-- Opening Marker --

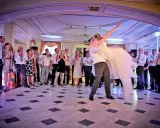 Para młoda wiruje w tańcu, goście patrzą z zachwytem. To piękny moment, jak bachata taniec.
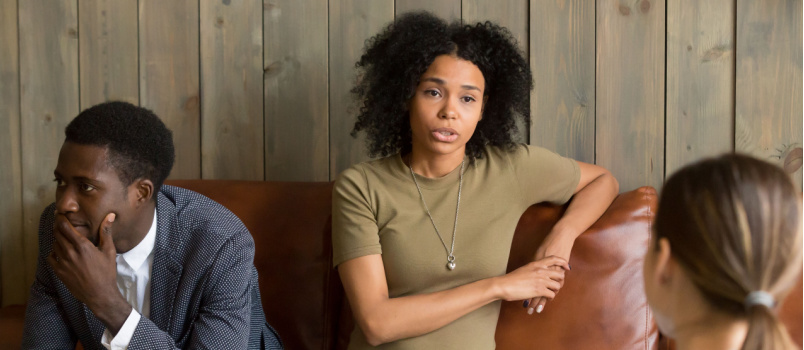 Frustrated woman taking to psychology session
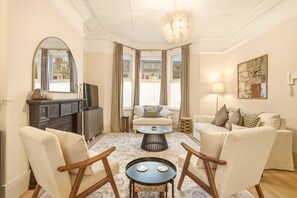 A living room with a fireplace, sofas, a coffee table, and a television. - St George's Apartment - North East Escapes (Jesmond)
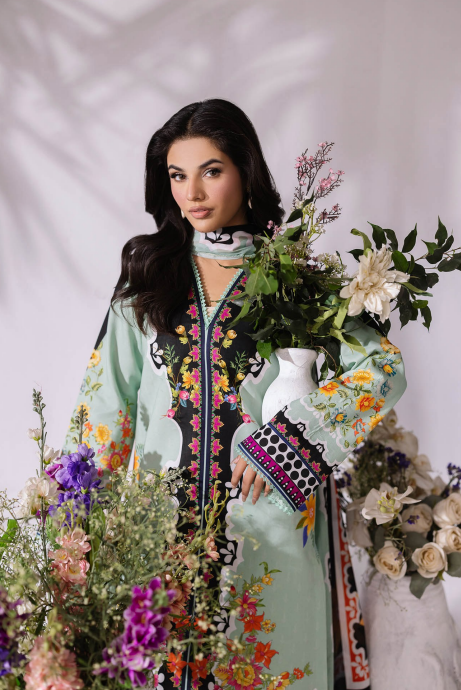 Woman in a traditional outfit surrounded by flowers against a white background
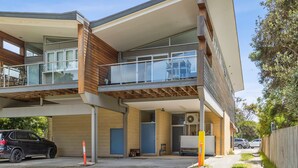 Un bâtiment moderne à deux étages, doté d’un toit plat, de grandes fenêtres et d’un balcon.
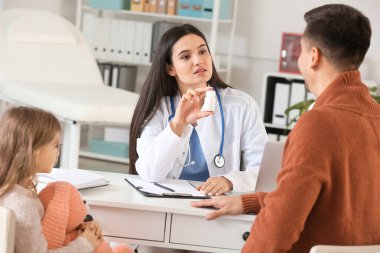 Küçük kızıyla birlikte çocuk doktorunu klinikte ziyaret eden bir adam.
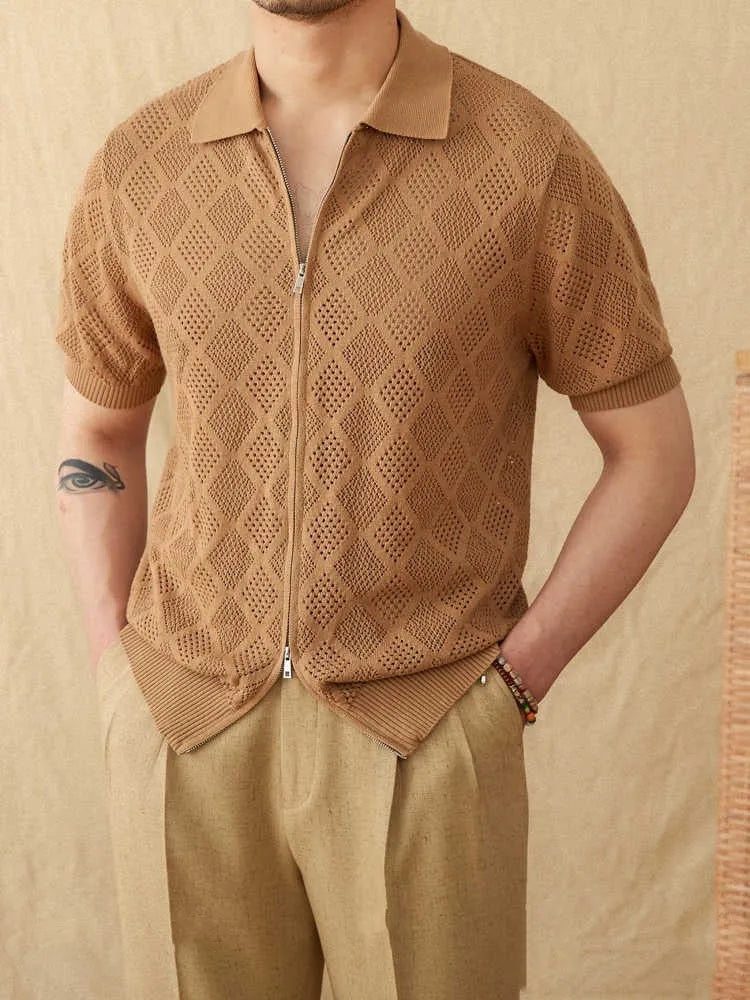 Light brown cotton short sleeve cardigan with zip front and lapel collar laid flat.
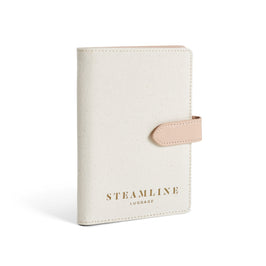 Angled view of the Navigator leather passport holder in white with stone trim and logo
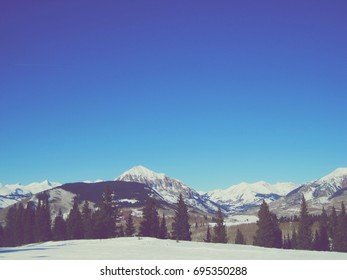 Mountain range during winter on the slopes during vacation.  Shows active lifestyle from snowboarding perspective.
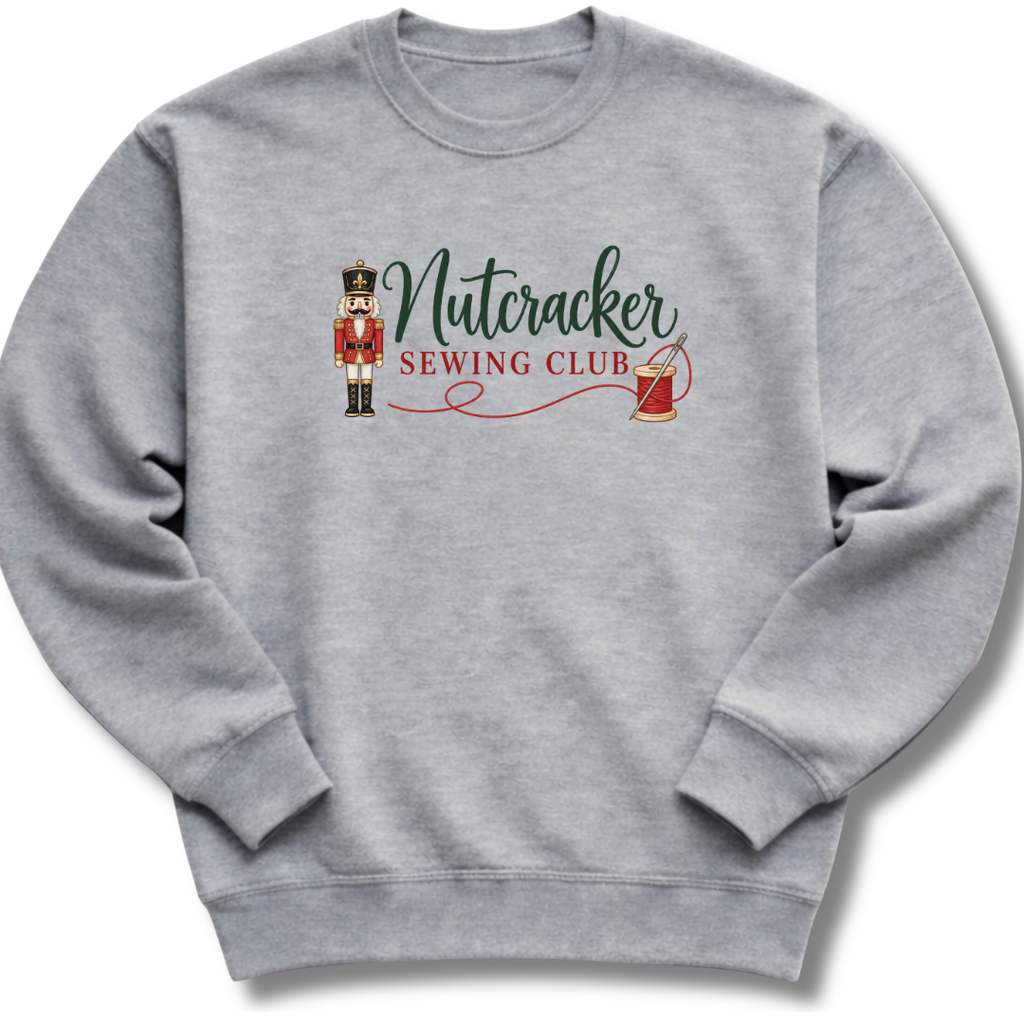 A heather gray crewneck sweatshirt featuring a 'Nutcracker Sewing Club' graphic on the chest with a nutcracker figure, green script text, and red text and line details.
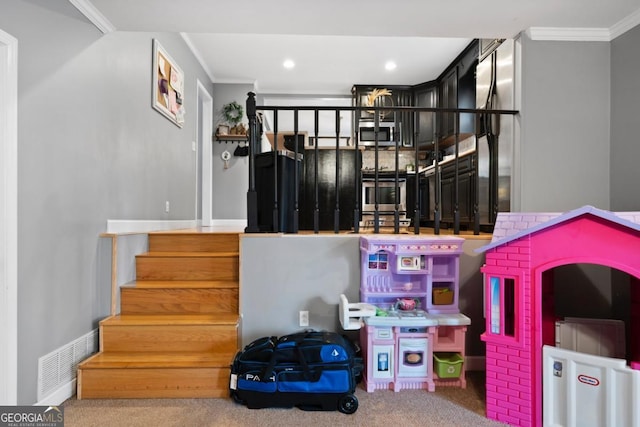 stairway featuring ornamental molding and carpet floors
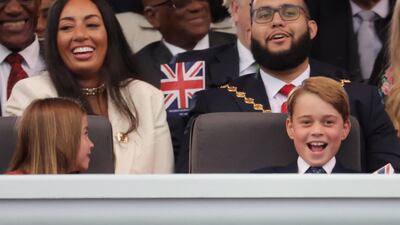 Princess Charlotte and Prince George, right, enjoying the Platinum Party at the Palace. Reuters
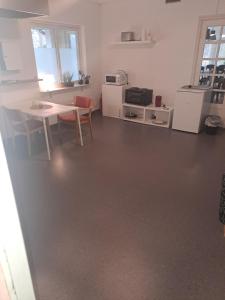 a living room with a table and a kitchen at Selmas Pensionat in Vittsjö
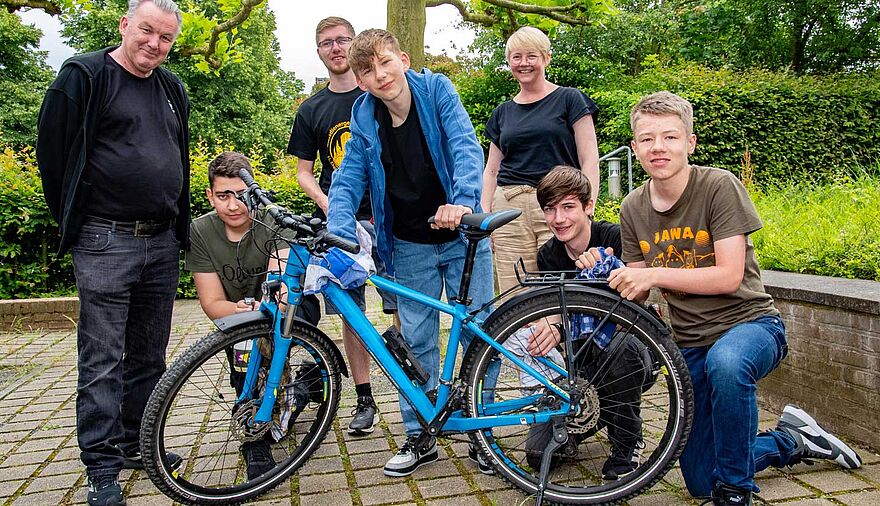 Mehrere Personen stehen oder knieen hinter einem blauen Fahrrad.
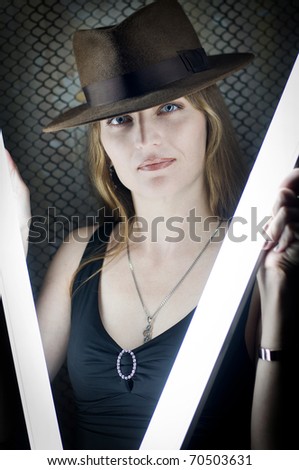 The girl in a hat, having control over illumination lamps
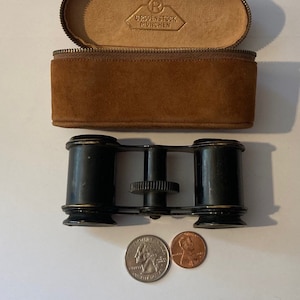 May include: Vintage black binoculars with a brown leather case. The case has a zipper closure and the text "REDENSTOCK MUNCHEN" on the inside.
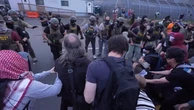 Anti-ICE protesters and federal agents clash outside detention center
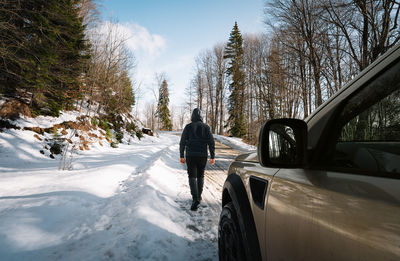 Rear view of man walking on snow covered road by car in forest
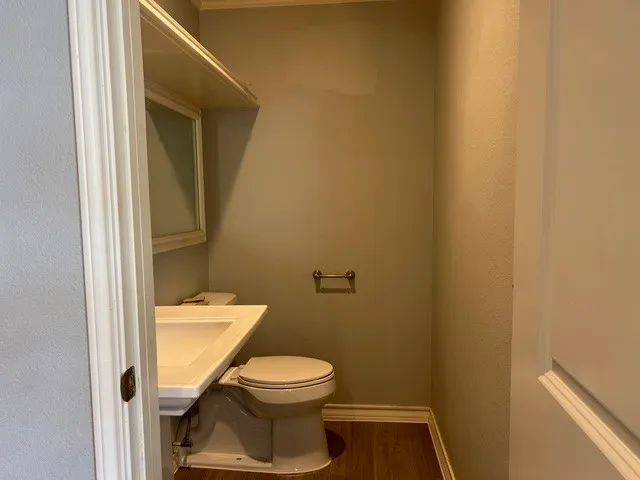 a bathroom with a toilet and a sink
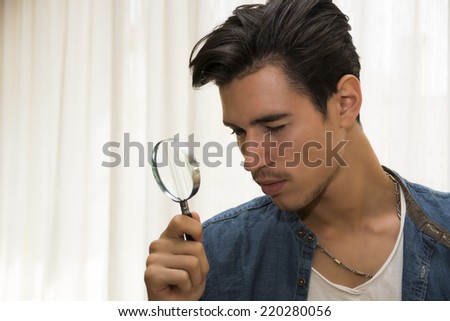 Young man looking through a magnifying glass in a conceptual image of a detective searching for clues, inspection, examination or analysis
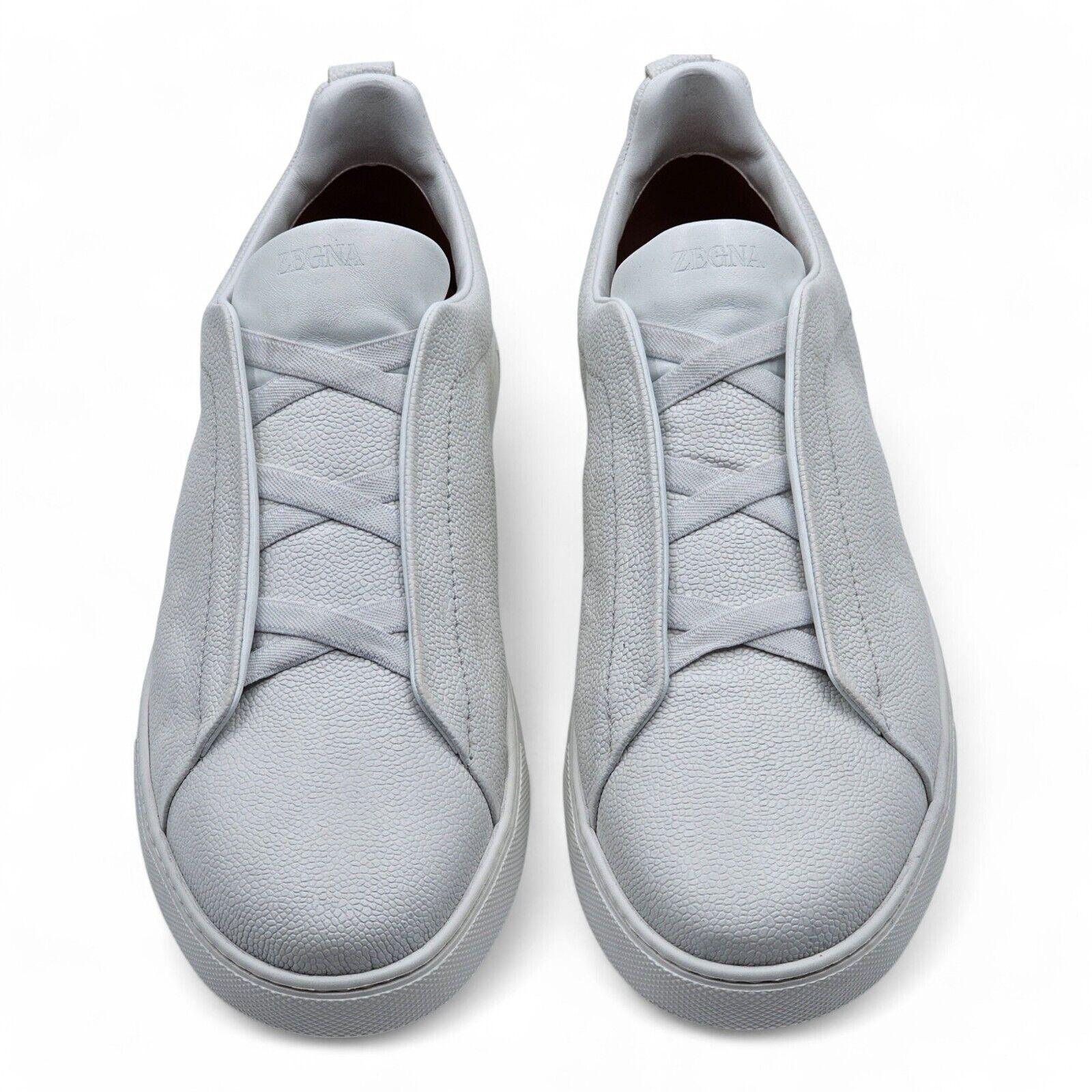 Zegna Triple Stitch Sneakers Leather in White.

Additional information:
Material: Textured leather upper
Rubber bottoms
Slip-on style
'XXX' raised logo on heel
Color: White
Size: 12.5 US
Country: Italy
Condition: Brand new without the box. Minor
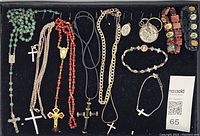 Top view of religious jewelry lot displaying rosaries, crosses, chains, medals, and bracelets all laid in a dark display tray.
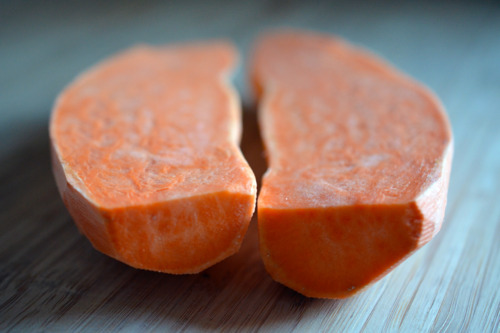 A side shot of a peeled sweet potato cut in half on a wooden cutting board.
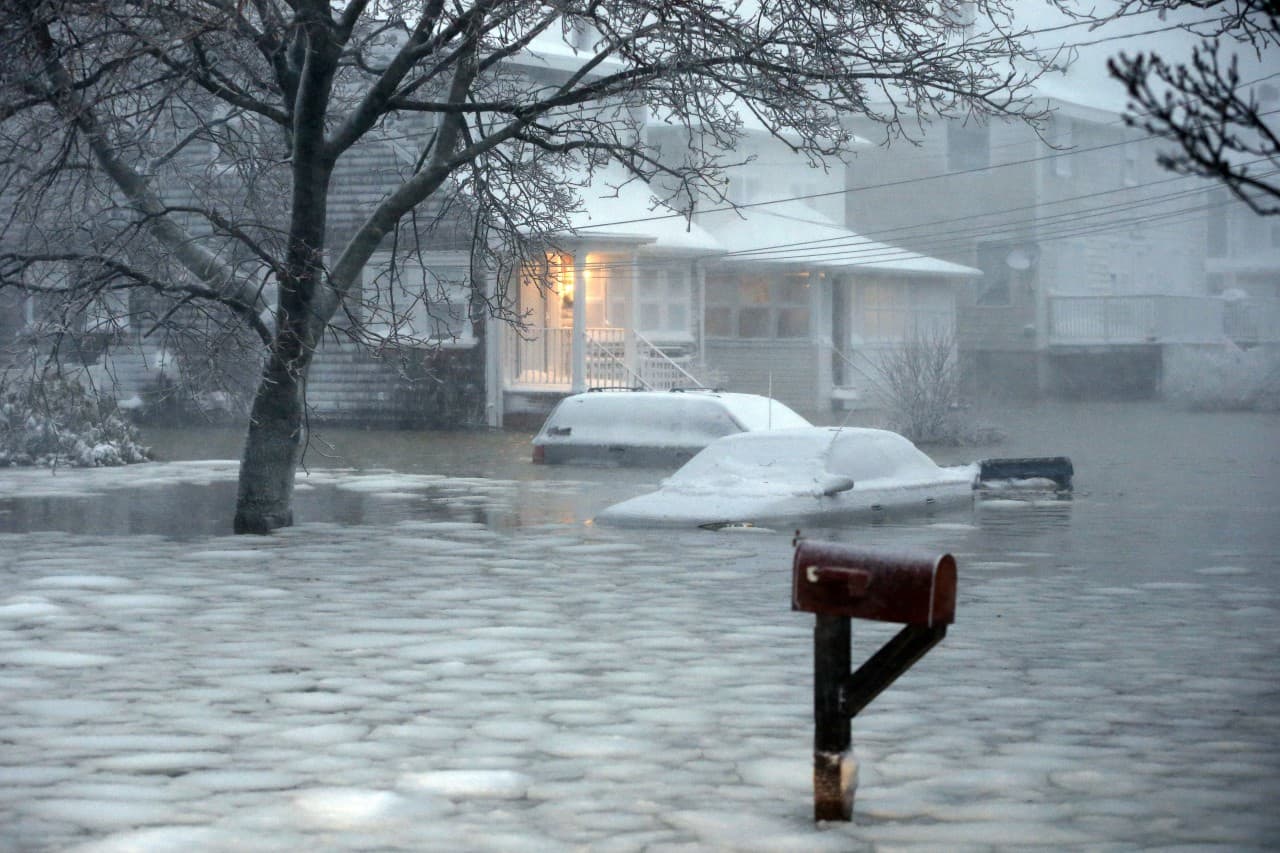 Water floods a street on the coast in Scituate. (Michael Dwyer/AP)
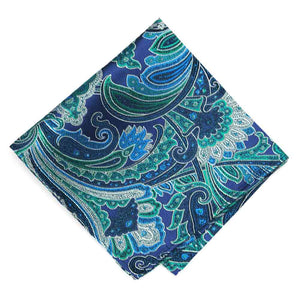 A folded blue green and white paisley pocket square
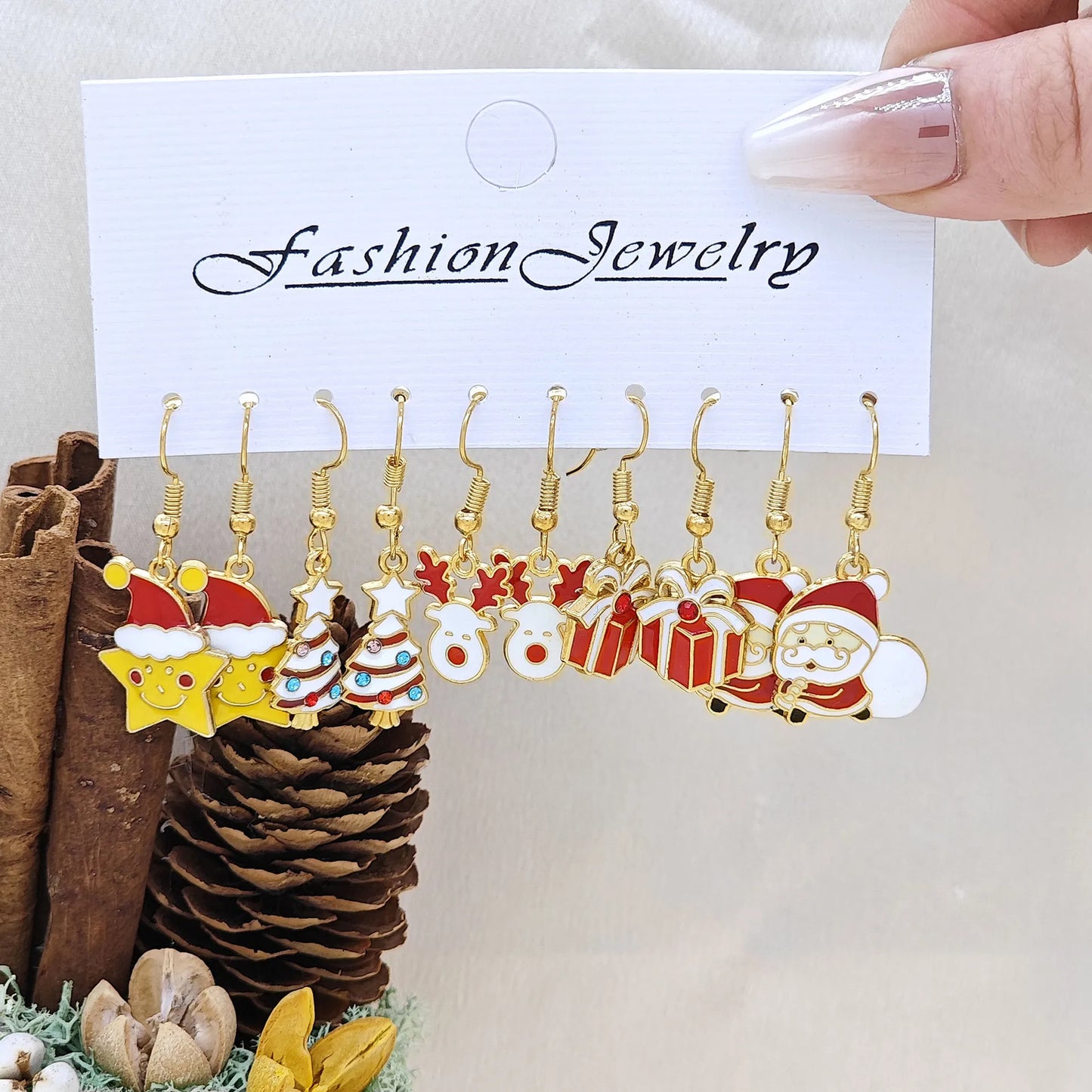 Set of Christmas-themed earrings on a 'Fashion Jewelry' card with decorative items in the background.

-- Closing Marker --

- Activity:
Transcribe all entries above exactly. Omit the pictures.

- Worked solution:
 Para młoda wiruje w tańcu, goście patrzą z zachwytem. To piękny moment, jak bachata taniec.
 Frustrated woman taking to psychology session
 A living room with a fireplace, sofas, a coffee table, and a television. - St George's Apartment - North East Escapes (Jesmond)
 Woman in a traditional outfit surrounded by flowers against a white background
 Un bâtiment moderne à deux étages, doté d’un toit plat, de grandes fenêtres et d’un balcon.
 Küçük kızıyla birlikte çocuk doktorunu klinikte ziyaret eden bir adam.
 Light brown cotton short sleeve cardigan with zip front and lapel collar laid flat.
 Angled view of the Navigator leather passport holder in white with stone trim and logo
 Mountain range during winter on the slopes during vacation.  Shows active lifestyle from snowboarding perspective.
 A heather gray crewneck sweatshirt featuring a 'Nutcracker Sewing Club' graphic on the chest with a nutcracker figure, green script text, and red text and line details.
 stairway featuring ornamental molding and carpet floors
 Princess Charlotte and Prince George, right, enjoying the Platinum Party at the Palace. Reuters
 a living room with a table and a kitchen at Selmas Pensionat in Vittsjö
 Mehrere Personen stehen oder knieen hinter einem blauen Fahrrad.
 The girl in a hat, having control over illumination lamps
 May include: Vintage black binoculars with a brown leather case. The case has a zipper closure and the text "REDENSTOCK MUNCHEN" on the inside.
 Anti-ICE protesters and federal agents clash outside detention center
 Rear view of man walking on snow covered road by car in forest
 a bathroom with a toilet and a sink
 Young man looking through a magnifying glass in a conceptual image of a detective searching for clues, inspection, examination or analysis
 Zegna Triple Stitch Sneakers Leather in White.

Additional information:
Material: Textured leather upper
Rubber bottoms
Slip-on style
'XXX' raised logo on heel
Color: White
Size: 12.5 US
Country: Italy
Condition: Brand new without the box. Minor
 Top view of religious jewelry lot displaying rosaries, crosses, chains, medals, and bracelets all laid in a dark display tray.
 A side shot of a peeled sweet potato cut in half on a wooden cutting board.
 Water floods a street on the coast in Scituate. (Michael Dwyer/AP)
 A folded blue green and white paisley pocket square
 Set of Christmas-themed earrings on a 'Fashion Jewelry' card with decorative items in the background.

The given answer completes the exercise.